He looks very good on the front part of his body but when he is standing his back end is ALL skin and bone. I'm honestly surprised he can walk and he even likes to run to play. Hes about 79.5# right now (weighed him today) and is obviously under weight in person. He is 28" at the shoulders, 30" long chest to back end, and is just a LOT of hair. We spent 2 hours brushing him today and still have about 3 hours of work pulling out matts, excess shed, and general brushing/washing. I'll get a bath picture up soon and that should really show it.


----------



## Markobytes (Sep 11, 2012)

Awesome news! It is always good to hear of someone stepping up in order to give a dog a good home, he gets a home where he will be appreciated and no doubt he will return the favor with his love. He may be lacking muscle tone in the rear if he did not get proper exercise. Long coats can sometimes hide the condition of their body with all that coat but you seem diligent with your care to catch any problems. 
Briskaboo13 my statement was general in nature and 8 was a number I drew from the top of my head. I had not even viewed the web page of the breeder you mentioned. It is just my observation that kennels not breeding to the standard will list multiple studs most if not all without any titles. Responsible breeders place very high standards of the studs they use. Sometimes breeders will list studs belonging to other breeders as a courtesy.


----------



## Xyst Sin (Dec 8, 2013)

Thank you so much for your support. I've had my fair share of puppies and was so happy actually to get an older dog. The fact that hes a senior is of no concern to me. I firmly believe in every dog deserving to be happy till the day they pass, which is exactly what I plan on doing for him.


----------



## Stosh (Jun 26, 2010)

Stosh was from a litter of 6 pups- 3 were long coated 3 were not. It was his dam's first litter so the breeder wasn't expecting the long coats. Turns out her father carried the gene. I picked him for his temperament and conformation, not his coat. Of course now I think he's gorgeous!


----------



## FirefighterGSD (Jan 20, 2014)

Neko said:


> As far as I know *good reputable breeders don't breed for long coat*. Long coat puppies just happen from both parents that have the gene.

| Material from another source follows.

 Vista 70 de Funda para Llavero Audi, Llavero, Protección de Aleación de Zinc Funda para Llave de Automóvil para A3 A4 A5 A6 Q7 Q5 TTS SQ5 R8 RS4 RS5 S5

This. I agree with the general comments here, look for a reputable breeder that happens to have long coats pop up now and then and get into contact with them, that was you're basically "on a waiting list" when the next one should pop up. Good luck.


----------



## mrawle (May 30, 2006)

Dear Mary: I am very interested in Raf and his dogs. We have had a couple of nice (brief) conversations. As you may know, his website and facebook page are lacking in information -- even less since I first visited them. I would very much like feedback from someone who owns one of their dogs. Are you willing to give me some? Thank you so much. -- Molly


----------



## sebrench (Dec 2, 2014)

If you're open to WGSL, you might want to check out Kennels Von Lotta in Atlanta. That's where we got Asher, and I think that she sometimes has long coats. German Shepherd puppies for sale | German Shepherd breeders | Imported German Shepherd Puppies| German Shepherd Kennels


----------



## mrawle (May 30, 2006)

MaryD said:


> Try Grunwald Haus in RI. We have two of their long coats. We are very happy with them. They have great temperaments, extremely intelligent and beautiful.


Dear MaryD,

I am very interested in Grunwald Haus. Could you tell me a little bit about how your puppies turned out? Did you visit the facility and how was it? Did you see the dogs and talk to Raf? It is hard now to get information on the Web and any information you could give me would be appreciated.

Molly


----------



## Momto2GSDs (Mar 22, 2012)

Hi mrawle!
You may want to start a thread of your own for better responses

See post # 12 on this thread from Sept. of 2014 when Mary D posted last. I believe she may be referring to a Grundwald dog. http://www.germanshepherds.com/forum/health-issues/362153-need-help.html#post6002737 

Von Lotta (that Sebrench mentioned) is expecting a litter the end of May. 
The parents are Polina von Lotta and Netzer von Lotta.


Moms


----------